### [Problem requirements]
Wherever an image appears in the entries, drop it and reproduce everything else exactly.

= = = =

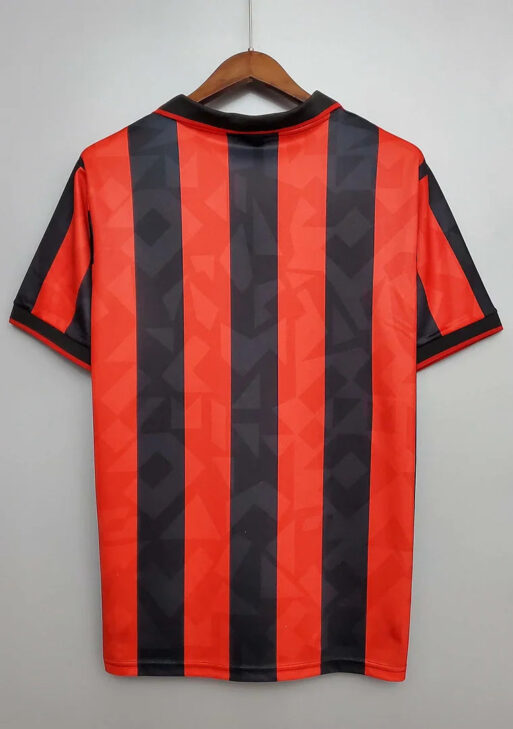 1993-1994 Retro AC Milan Home Jersey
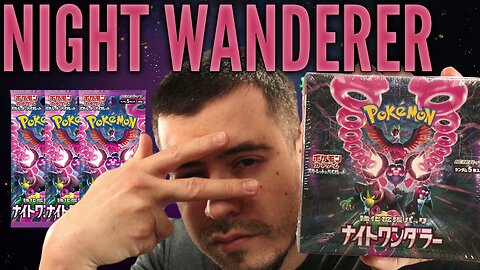 SV6a: Night Wanderer Opening!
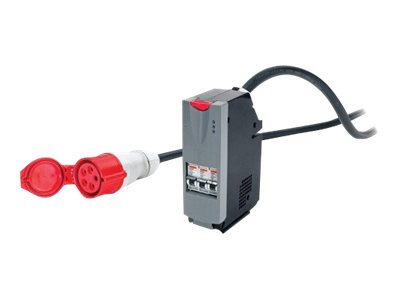 APC IT Power Distribution Module Automatic circuit breaker plug-in module AC 400V 3-phase output connectors 1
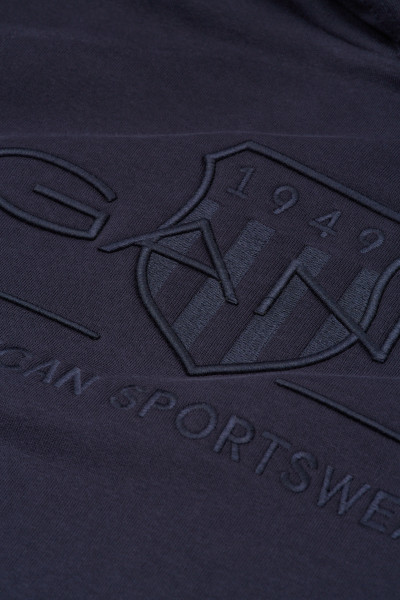 MIKINA GANT TONAL AS HOODIE - Fotografie č. 3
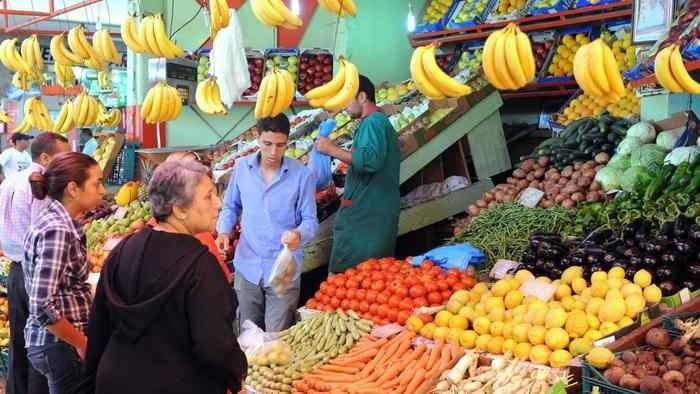 Cheap markets in Casablanca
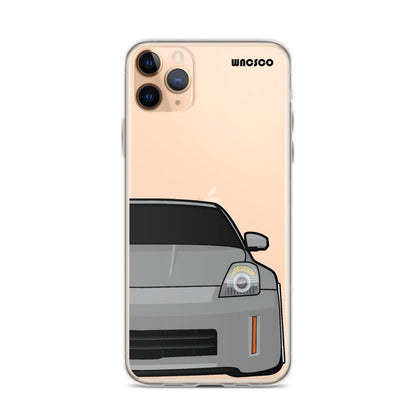 Silver Z33 Phone Case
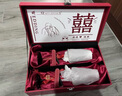 喜風(fēng)物語(yǔ)新婚結婚禮物送新人訂婚新娘閨蜜朋友姐妹高檔實(shí)用輕奢香檳對杯 相敬如賓-水晶香檳對杯禮盒 曬單實(shí)拍圖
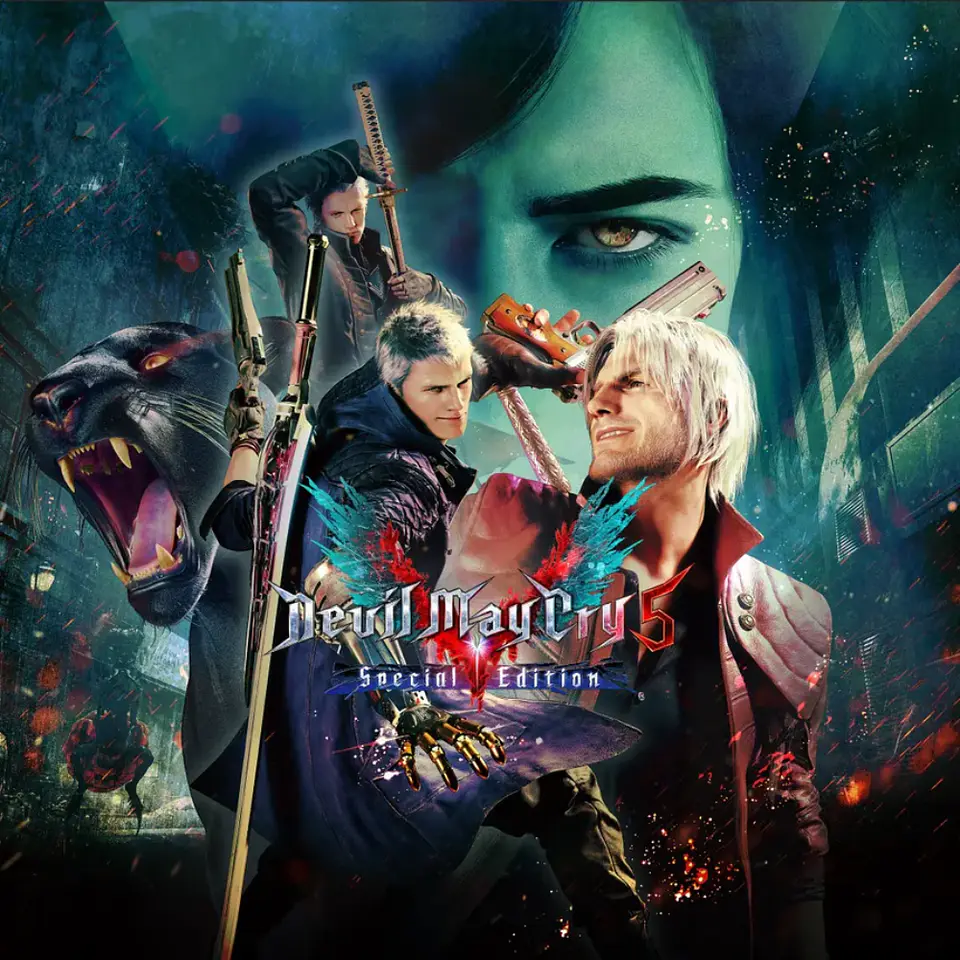 Devil May Cry 5 Special Edition Xbox One Xbox Series 1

= = = =

### [Task response]
 1993-1994 Retro AC Milan Home Jersey
 SV6a: Night Wanderer Opening!
 APC IT Power Distribution Module Automatic circuit breaker plug-in module AC 400V 3-phase output connectors 1
 MIKINA GANT TONAL AS HOODIE - Fotografie č. 3
 Cheap markets in Casablanca
 Silver Z33 Phone Case
 喜風(fēng)物語(yǔ)新婚結婚禮物送新人訂婚新娘閨蜜朋友姐妹高檔實(shí)用輕奢香檳對杯 相敬如賓-水晶香檳對杯禮盒 曬單實(shí)拍圖
 Devil May Cry 5 Special Edition Xbox One Xbox Series 1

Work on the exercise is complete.